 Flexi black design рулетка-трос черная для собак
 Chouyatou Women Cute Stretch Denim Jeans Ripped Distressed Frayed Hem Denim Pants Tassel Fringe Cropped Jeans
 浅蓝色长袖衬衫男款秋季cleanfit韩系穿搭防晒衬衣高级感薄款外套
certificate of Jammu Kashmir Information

────────────────────

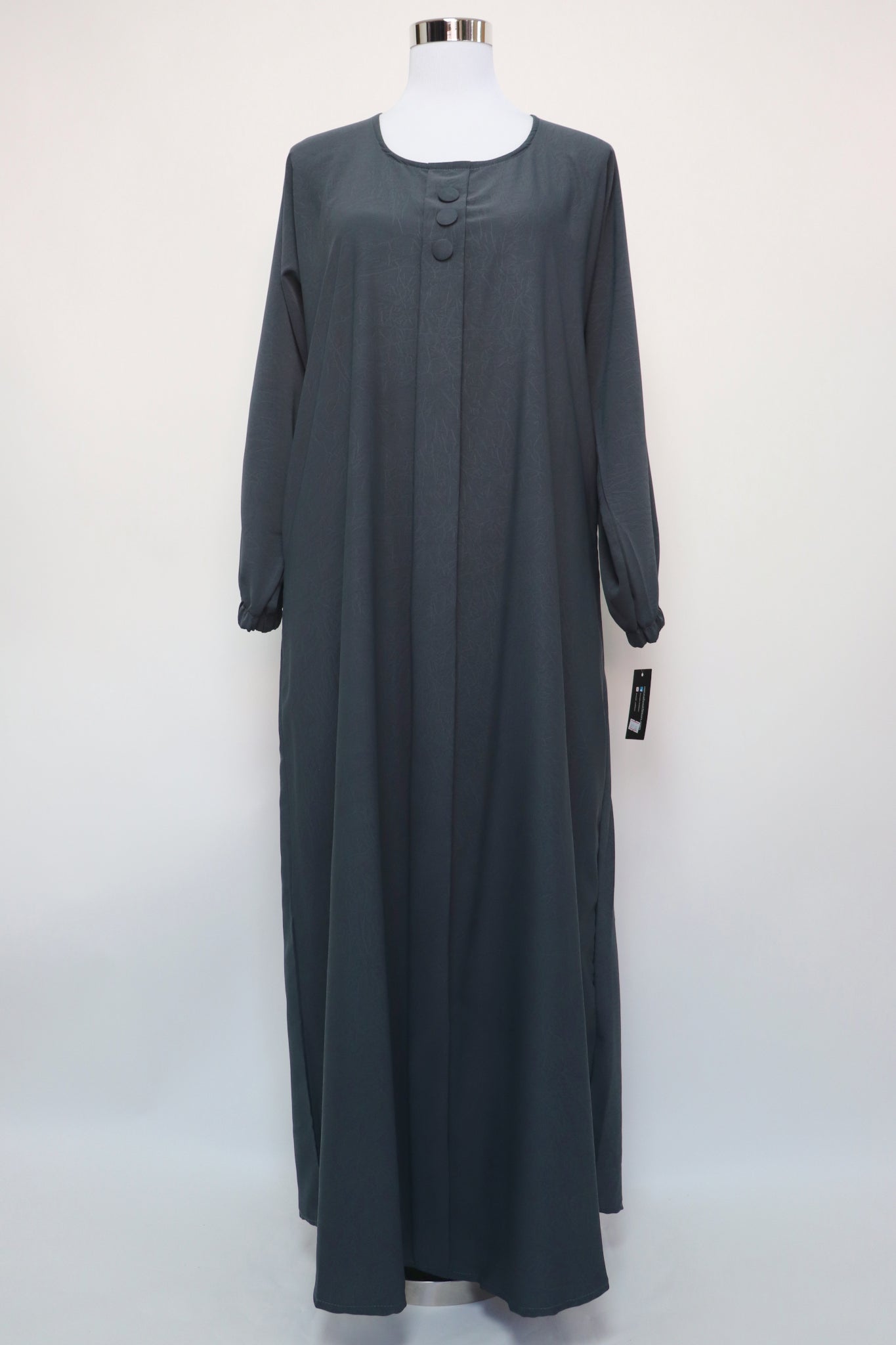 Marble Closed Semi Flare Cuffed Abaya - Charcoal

────────────────────

# [Task requirements]
Could you reproduce, exactly, every line above from the line with "Flexi black design" to the line with "certificate of Jammu Kashmir Information", and no other line? Both ends count.

# [Solution to the exercise]
 Flexi black design рулетка-трос черная для собак
 Chouyatou Women Cute Stretch Denim Jeans Ripped Distressed Frayed Hem Denim Pants Tassel Fringe Cropped Jeans
 浅蓝色长袖衬衫男款秋季cleanfit韩系穿搭防晒衬衣高级感薄款外套
certificate of Jammu Kashmir Information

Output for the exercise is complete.